Task statement: Return the listing exactly, please; no pictures.

Stored data:
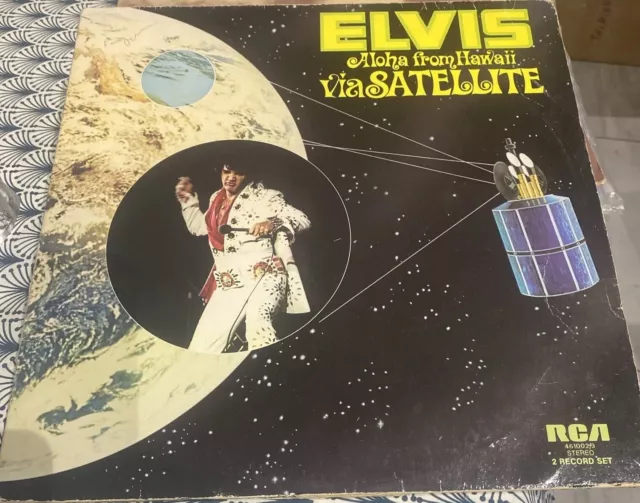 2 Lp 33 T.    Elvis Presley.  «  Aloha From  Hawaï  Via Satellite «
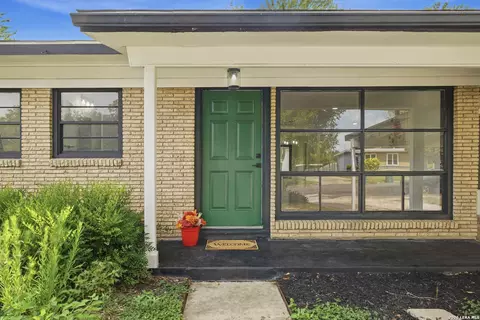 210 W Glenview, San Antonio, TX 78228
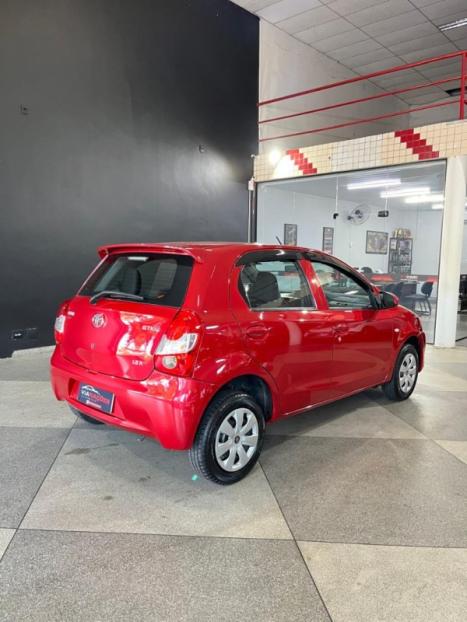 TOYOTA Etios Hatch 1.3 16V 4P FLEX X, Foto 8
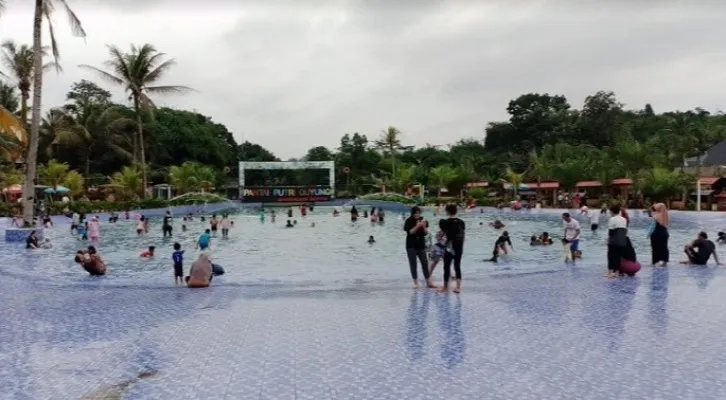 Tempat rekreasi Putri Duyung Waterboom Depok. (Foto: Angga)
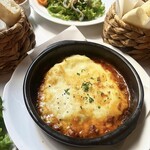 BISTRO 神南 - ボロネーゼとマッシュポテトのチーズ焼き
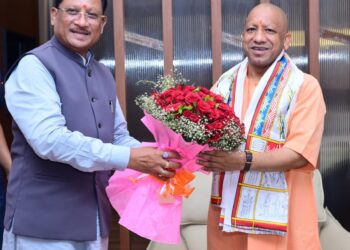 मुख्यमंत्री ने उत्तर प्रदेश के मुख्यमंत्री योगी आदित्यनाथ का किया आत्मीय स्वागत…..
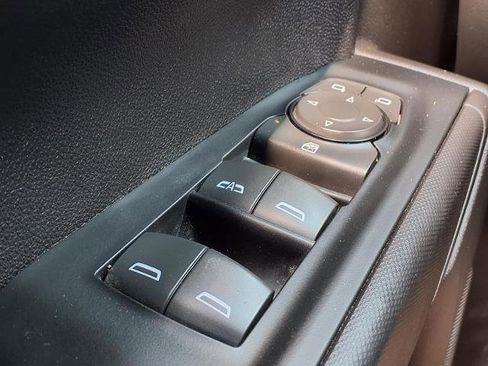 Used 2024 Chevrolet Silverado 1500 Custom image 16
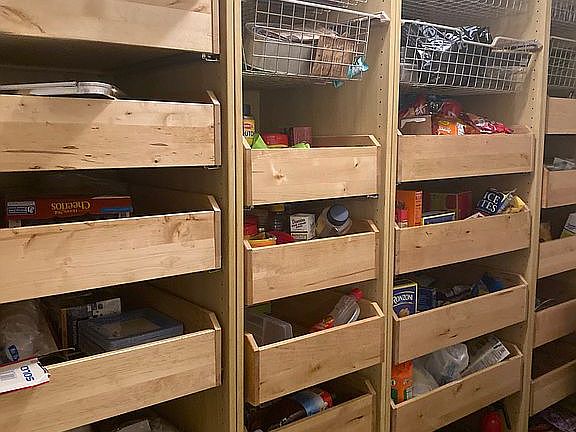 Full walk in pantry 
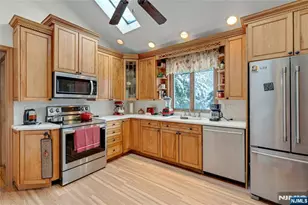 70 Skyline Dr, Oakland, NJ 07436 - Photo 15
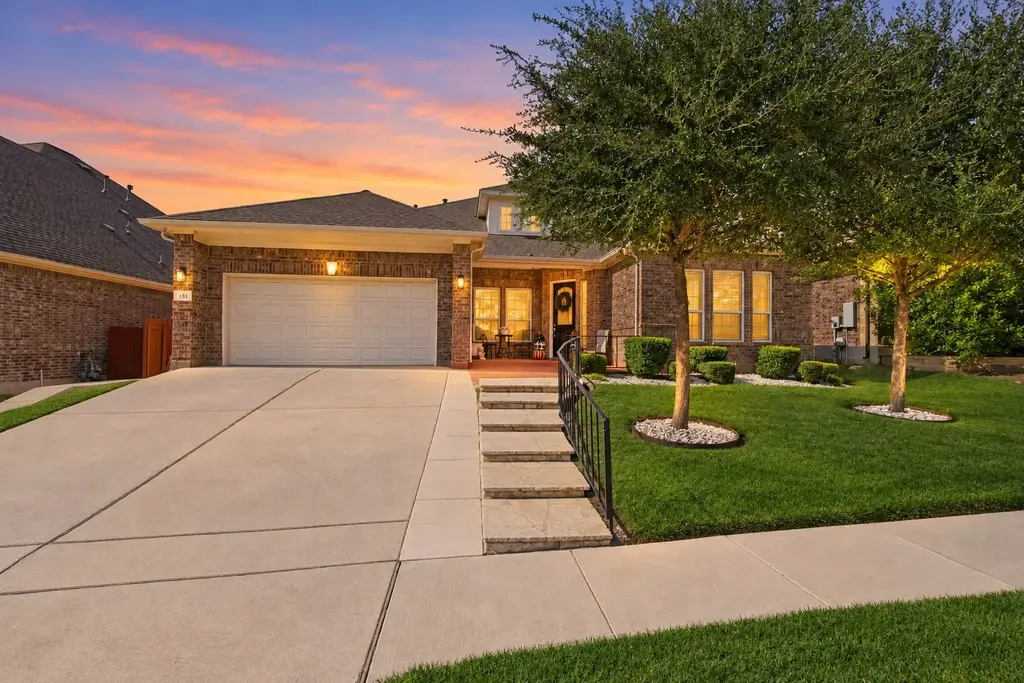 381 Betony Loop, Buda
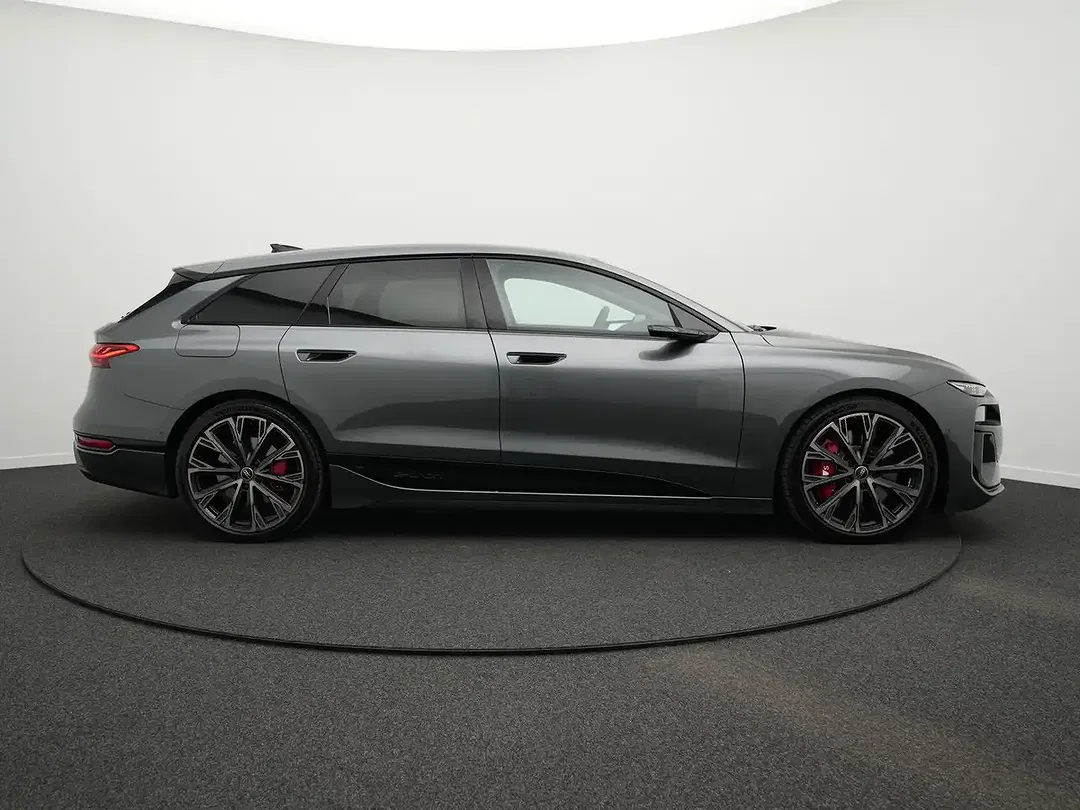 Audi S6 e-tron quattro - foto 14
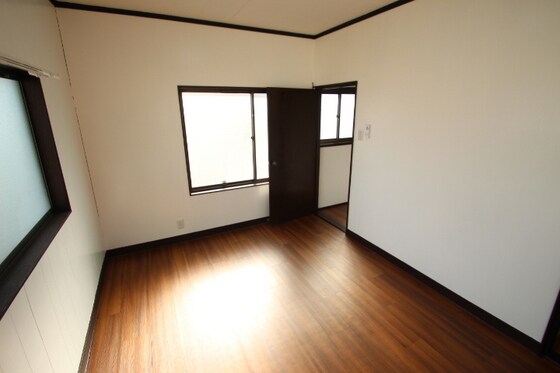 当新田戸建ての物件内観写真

Result for this task:
 2 Lp 33 T.    Elvis Presley.  «  Aloha From  Hawaï  Via Satellite «
 210 W Glenview, San Antonio, TX 78228
 TOYOTA Etios Hatch 1.3 16V 4P FLEX X, Foto 8
 Tempat rekreasi Putri Duyung Waterboom Depok. (Foto: Angga)
 BISTRO 神南 - ボロネーゼとマッシュポテトのチーズ焼き
 मुख्यमंत्री ने उत्तर प्रदेश के मुख्यमंत्री योगी आदित्यनाथ का किया आत्मीय स्वागत…..
 Used 2024 Chevrolet Silverado 1500 Custom image 16
 Full walk in pantry 
 70 Skyline Dr, Oakland, NJ 07436 - Photo 15
 381 Betony Loop, Buda
 Audi S6 e-tron quattro - foto 14
 当新田戸建ての物件内観写真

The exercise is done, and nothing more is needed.